**Task directions:** Which lines run from the line with "Automatic Metal Coffee" through the line with "Americas Industrial Supply" in the entries below? Print them exactly, both ends included, and nothing more.

**Data for the task:**
■ ■ ■ ■ ■ ■ ■
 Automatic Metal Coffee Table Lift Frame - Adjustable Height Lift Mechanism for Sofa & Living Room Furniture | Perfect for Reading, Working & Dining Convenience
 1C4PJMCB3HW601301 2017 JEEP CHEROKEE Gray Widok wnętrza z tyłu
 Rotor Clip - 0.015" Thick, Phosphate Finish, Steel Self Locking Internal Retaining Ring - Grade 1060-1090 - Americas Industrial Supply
■ ■ ■ ■ ■ ■ ■
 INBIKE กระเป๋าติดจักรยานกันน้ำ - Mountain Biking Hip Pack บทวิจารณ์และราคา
■ ■ ■ ■ ■ ■ ■
**Problem solution:**
 Automatic Metal Coffee Table Lift Frame - Adjustable Height Lift Mechanism for Sofa & Living Room Furniture | Perfect for Reading, Working & Dining Convenience
 1C4PJMCB3HW601301 2017 JEEP CHEROKEE Gray Widok wnętrza z tyłu
 Rotor Clip - 0.015" Thick, Phosphate Finish, Steel Self Locking Internal Retaining Ring - Grade 1060-1090 - Americas Industrial Supply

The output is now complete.